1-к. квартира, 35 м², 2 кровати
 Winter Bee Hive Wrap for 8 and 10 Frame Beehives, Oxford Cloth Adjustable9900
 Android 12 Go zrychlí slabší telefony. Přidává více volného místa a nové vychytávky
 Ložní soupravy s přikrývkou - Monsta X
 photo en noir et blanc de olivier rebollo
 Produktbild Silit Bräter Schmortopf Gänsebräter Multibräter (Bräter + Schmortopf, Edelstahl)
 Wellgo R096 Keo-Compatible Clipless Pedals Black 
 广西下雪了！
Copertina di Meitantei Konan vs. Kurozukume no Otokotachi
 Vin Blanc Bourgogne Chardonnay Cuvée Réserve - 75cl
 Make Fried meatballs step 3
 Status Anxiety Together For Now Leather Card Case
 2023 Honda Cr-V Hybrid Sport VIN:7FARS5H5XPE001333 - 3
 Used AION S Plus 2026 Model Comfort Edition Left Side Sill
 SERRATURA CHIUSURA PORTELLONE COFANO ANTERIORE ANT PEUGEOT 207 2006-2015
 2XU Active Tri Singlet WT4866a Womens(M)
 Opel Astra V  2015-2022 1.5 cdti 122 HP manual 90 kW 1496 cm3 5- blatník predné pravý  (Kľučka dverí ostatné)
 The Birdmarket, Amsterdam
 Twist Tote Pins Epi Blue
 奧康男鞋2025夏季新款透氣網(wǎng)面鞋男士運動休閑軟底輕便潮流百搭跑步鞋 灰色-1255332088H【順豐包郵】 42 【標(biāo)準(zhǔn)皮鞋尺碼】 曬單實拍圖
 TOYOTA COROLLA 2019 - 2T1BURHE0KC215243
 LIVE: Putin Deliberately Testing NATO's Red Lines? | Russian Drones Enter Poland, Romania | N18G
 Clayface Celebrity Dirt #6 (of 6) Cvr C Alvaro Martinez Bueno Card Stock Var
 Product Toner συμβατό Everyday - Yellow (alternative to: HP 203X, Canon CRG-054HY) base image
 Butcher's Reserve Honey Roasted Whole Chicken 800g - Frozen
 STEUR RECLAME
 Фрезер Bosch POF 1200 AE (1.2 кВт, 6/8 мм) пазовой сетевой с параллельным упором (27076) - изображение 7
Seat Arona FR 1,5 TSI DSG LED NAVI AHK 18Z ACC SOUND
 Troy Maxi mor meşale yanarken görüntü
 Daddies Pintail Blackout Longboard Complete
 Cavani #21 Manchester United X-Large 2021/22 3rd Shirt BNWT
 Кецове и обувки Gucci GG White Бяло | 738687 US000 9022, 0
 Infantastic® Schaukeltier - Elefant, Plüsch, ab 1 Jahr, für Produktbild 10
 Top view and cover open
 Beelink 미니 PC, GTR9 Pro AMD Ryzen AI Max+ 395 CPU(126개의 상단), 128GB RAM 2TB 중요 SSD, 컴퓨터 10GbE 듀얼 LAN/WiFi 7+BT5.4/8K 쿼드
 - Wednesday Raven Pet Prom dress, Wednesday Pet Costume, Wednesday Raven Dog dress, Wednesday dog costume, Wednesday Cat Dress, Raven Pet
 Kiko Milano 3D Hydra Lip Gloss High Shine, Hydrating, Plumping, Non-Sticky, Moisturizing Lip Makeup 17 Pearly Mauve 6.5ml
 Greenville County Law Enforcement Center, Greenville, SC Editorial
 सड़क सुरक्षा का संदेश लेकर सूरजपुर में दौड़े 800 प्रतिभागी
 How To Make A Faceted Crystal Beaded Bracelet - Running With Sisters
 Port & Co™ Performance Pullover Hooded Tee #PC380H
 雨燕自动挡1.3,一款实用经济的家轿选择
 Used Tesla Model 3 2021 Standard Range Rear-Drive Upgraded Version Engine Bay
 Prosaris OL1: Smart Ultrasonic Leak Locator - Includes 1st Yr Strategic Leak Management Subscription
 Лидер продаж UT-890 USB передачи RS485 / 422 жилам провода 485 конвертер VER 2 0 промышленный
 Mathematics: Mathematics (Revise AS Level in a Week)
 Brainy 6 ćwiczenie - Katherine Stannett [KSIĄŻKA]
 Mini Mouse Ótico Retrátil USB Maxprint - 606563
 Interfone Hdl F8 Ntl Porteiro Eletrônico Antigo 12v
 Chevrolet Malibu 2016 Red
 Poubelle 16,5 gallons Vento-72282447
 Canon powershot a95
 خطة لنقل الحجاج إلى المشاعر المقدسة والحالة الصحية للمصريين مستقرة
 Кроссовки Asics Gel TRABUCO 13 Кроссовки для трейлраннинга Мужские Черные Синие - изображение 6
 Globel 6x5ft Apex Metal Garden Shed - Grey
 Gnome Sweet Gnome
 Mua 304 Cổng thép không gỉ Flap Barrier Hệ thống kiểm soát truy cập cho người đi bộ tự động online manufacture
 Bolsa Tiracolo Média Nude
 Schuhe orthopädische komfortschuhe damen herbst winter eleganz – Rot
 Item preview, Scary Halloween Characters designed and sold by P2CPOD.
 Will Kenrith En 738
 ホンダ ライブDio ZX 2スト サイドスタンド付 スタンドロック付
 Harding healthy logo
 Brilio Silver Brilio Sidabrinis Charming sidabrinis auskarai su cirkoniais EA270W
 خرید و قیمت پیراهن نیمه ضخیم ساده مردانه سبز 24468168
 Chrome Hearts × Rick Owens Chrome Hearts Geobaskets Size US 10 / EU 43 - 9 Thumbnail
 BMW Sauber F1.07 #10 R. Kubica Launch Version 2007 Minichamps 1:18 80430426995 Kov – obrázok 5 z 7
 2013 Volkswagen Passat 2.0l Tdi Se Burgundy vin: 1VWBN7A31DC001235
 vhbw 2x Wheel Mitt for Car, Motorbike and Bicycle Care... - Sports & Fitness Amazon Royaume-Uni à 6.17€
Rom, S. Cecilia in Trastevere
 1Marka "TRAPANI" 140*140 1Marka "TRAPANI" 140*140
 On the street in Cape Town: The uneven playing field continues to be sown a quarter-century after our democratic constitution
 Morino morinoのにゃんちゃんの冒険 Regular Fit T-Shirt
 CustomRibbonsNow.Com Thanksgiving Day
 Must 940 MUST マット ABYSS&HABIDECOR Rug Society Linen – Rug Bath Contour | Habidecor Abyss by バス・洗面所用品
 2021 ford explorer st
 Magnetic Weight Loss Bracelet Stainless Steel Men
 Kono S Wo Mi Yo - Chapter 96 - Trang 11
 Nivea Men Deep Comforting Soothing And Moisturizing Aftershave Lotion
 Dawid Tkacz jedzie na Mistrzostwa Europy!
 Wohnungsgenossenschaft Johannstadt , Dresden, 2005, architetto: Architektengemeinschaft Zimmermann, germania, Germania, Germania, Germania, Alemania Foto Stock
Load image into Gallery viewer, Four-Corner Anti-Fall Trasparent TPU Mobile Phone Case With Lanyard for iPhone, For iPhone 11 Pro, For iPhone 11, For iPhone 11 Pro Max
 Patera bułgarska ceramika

########

▸ **YOUR GOAL**: From the top of the listing above, restate each line word for word up to and including the line with "Produktbild Silit Bräter"; add nothing else.

▸ **OUTPUT FOR THIS TASK**:
1-к. квартира, 35 м², 2 кровати
 Winter Bee Hive Wrap for 8 and 10 Frame Beehives, Oxford Cloth Adjustable9900
 Android 12 Go zrychlí slabší telefony. Přidává více volného místa a nové vychytávky
 Ložní soupravy s přikrývkou - Monsta X
 photo en noir et blanc de olivier rebollo
 Produktbild Silit Bräter Schmortopf Gänsebräter Multibräter (Bräter + Schmortopf, Edelstahl)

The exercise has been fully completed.